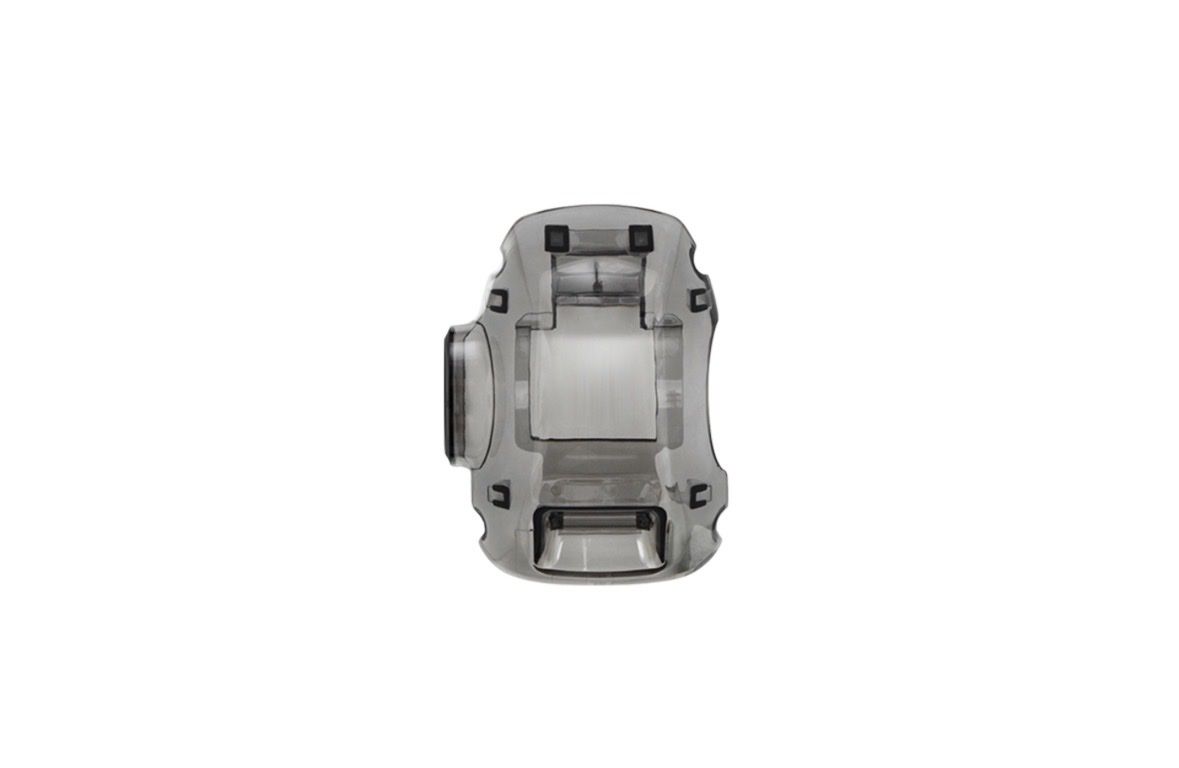 Altri Accessori: DJI FPV Gimbal-Schutz ab 0.5 Fr. – Nuovo (secondo la descrizione) da Malans GR venduto da Maurus9958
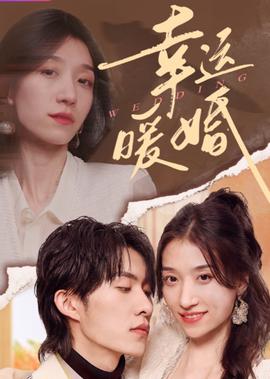 台剧tv下载app下载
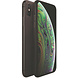 Apple iPhone XS 512GB Zwart (No Face ID) Apple iPhone XS 512GB Zwart (No Face ID)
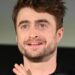 Urgent:Daniel Radcliffe Rushed to the hospital in a critical condition
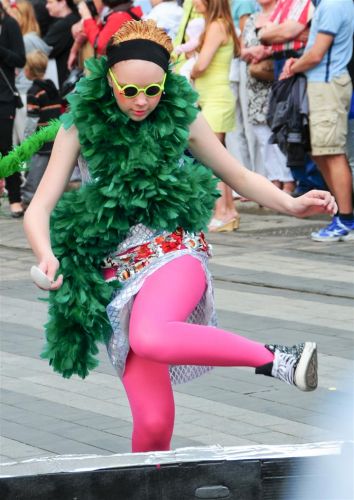 DSC_5872.jpg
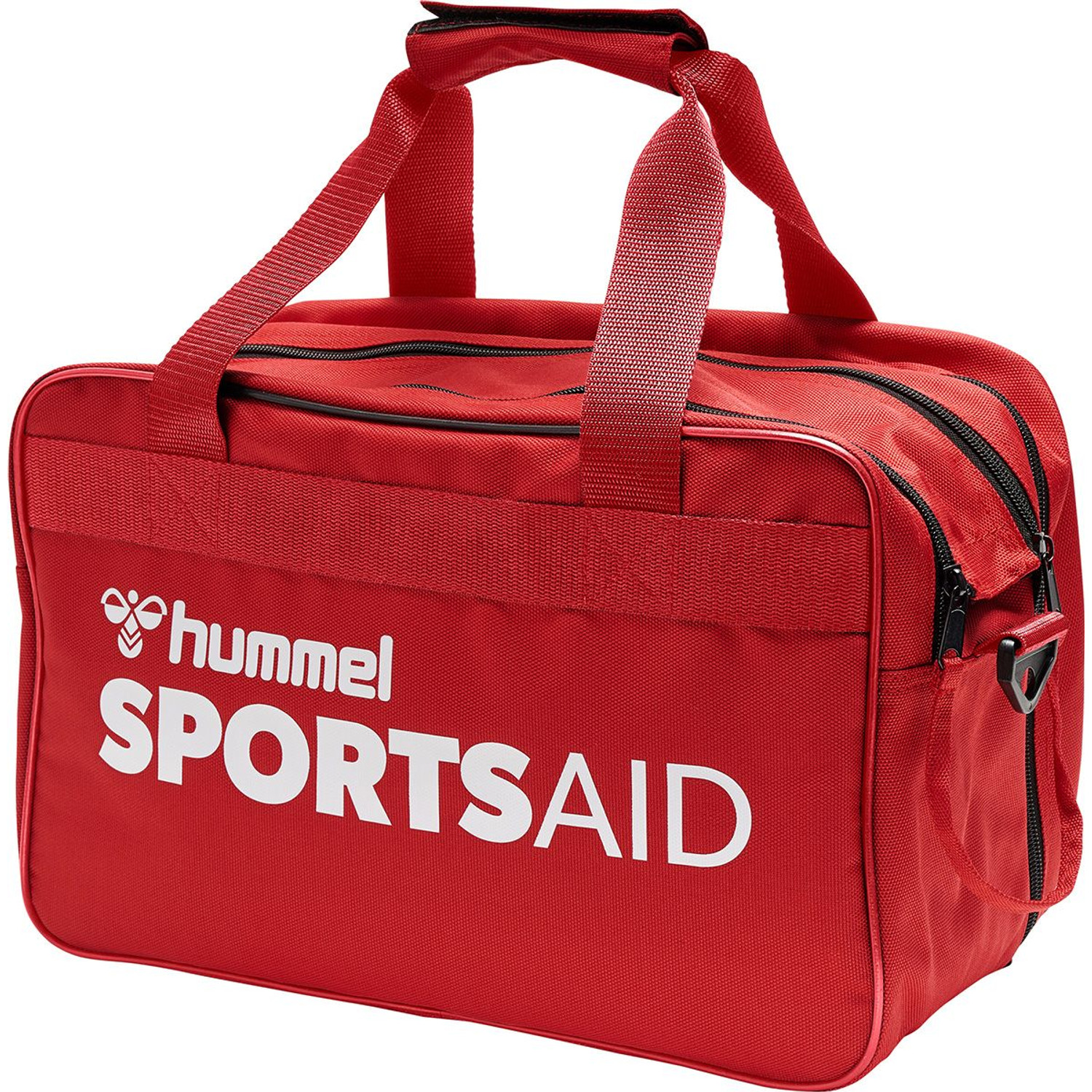 Hummel EHBO Set Medium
═══
YOUR ASSIGNMENT —
Line by line, return the listing above exactly, leaving out its pictures.

ANSWER SPACE —
 Altri Accessori: DJI FPV Gimbal-Schutz ab 0.5 Fr. – Nuovo (secondo la descrizione) da Malans GR venduto da Maurus9958
 台剧tv下载app下载
 Apple iPhone XS 512GB Zwart (No Face ID) Apple iPhone XS 512GB Zwart (No Face ID)
 Urgent:Daniel Radcliffe Rushed to the hospital in a critical condition
 DSC_5872.jpg
 Hummel EHBO Set Medium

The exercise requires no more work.